I am renting out a room in my house and don't want to allow access to PPV channels on the one receiver in that room. What is the best way to remove or hide those PPV channels on one receiver? I found you can hide adult channels but I don't see anything for PPV. Do I need to contact customer service to do something to the receiver authorizations or is there a setting on the receiver?


----------



## Smuuth (Oct 4, 2005)

scott0702 said:


> I am renting out a room in my house and don't want to allow access to PPV channels on the one receiver in that room. What is the best way to remove or hide those PPV channels on one receiver? I found you can hide adult channels but I don't see anything for PPV. Do I need to contact customer service to do something to the receiver authorizations or is there a setting on the receiver?

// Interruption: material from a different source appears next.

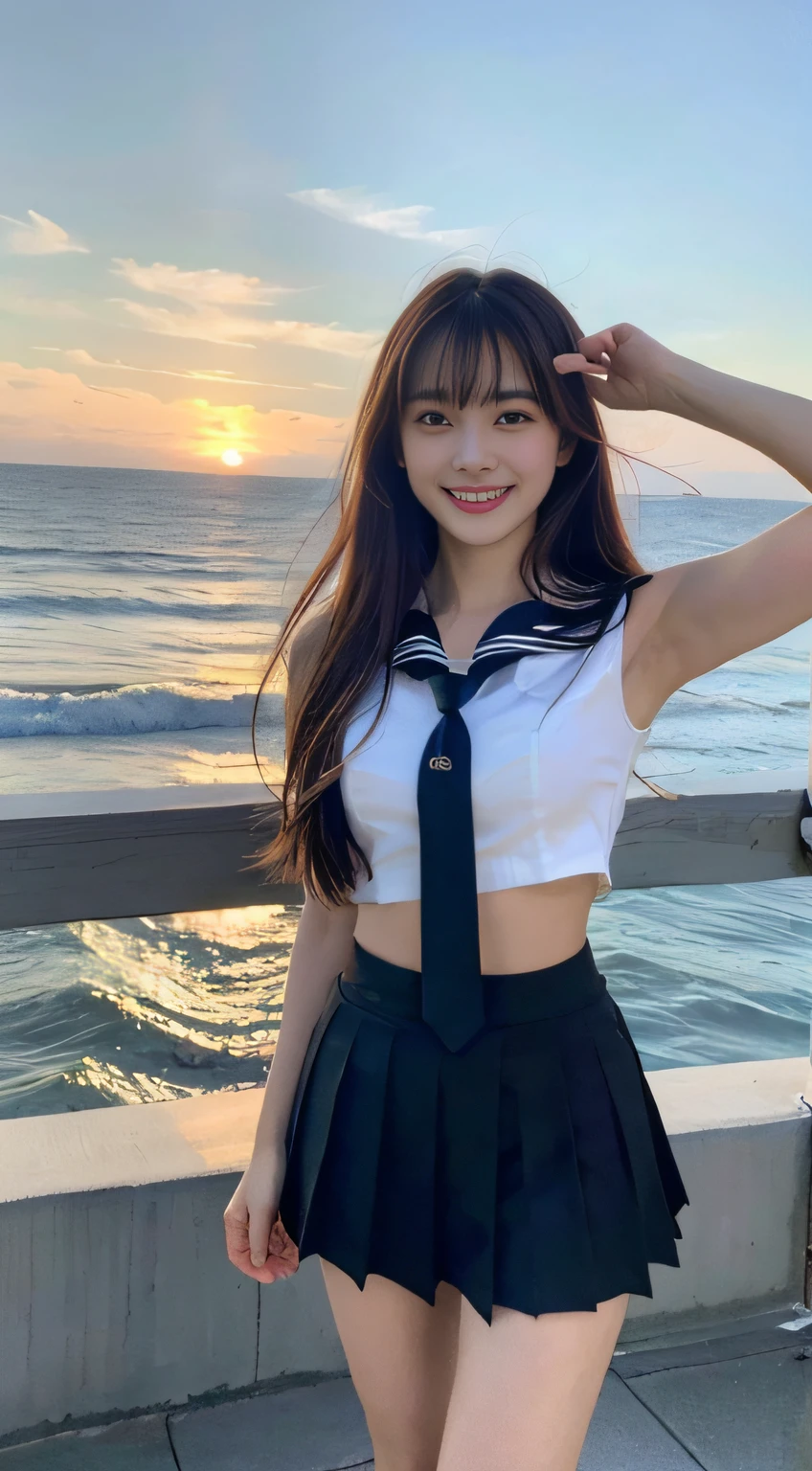 (8k, RAW photos, highest quality, masterpiece: 1.2), ultra detail, super resolution, (photorealistic: 1.4), frolicking at the water's edge, full body shots, full body photos, high resolution RAW color photos, professional photos, sun beach, emotional scenery, very detailed and beautiful, ultra high quality, 8k wallpapers, amazing details, huge file size, very detailed beautiful girls, very detailed faceVery detailed eyes, very realistic skin, Very detailed fingers, Very detailed nose, Very detailed mouth, Perfect anatomy, Very detailed background, Very detailed clothes, Teen, Pretty girl, Famous Japan idol, Cute, Realistic body, Slender, White skin, Glowing skin, Slim body, Long straight hair, (dull bangs:1.2), Realistic face, Delicate eyes, Double eyelids, Sailor suit, red tie, pink eye shadow, high school girl Smiling hair, after school Beautiful sunset Beach brown hair Energetic Celebrity-level cuteness Looks fun Smiling figure, arms outstretched facing us, modern female proofreading, full body photo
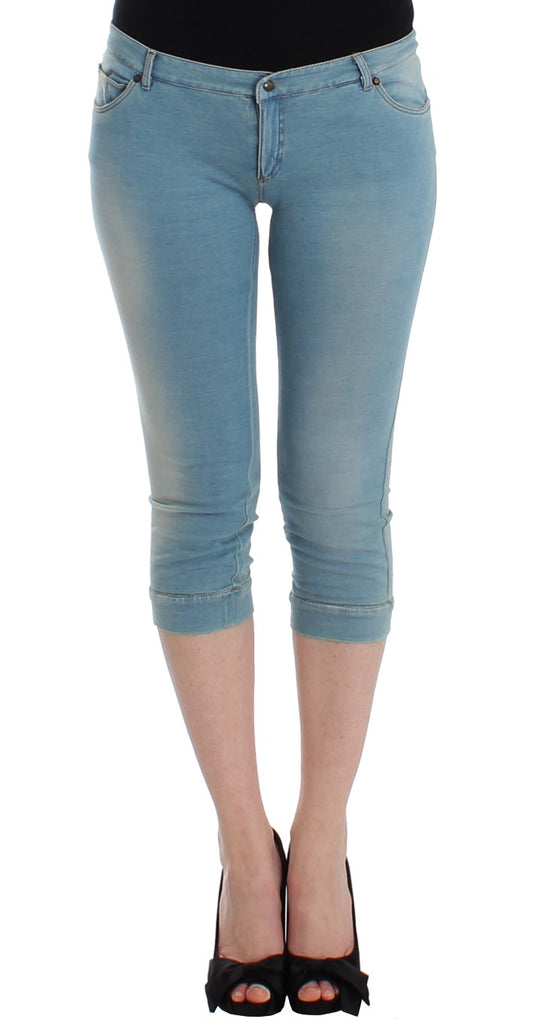 Ermanno Scervino Pantaloni Capri Blu Cropped Jeans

Under Parental Controls, you can block individual channels. Just block all of the PPV channels, then lock the box with a password.

I believe you could also set the spending limit to $0.00 which would then not allow any purchases.


----------



## ThomasM (Jul 20, 2007)

Call DirecTV and tell them you want "impulse PPV disabled" on that receiver. I have this on ALL my receivers. When it is properly activated and you try to purchase a PPV program, you get a "700 series" error code and a message to call DirecTV.

Much more foolproof (and free) than messing with parental controls.


----------



## scott0702 (Nov 25, 2006)

ThomasM said:


> Call DirecTV and tell them you want "impulse PPV disabled" on that receiver. I have this on ALL my receivers. When it is properly activated and you try to purchase a PPV program, you get a "700 series" error code and a message to call DirecTV.
> 
> Much more foolproof (and free) than messing with parental controls.


Thanks. Will that work with Directv on Demand as well?


----------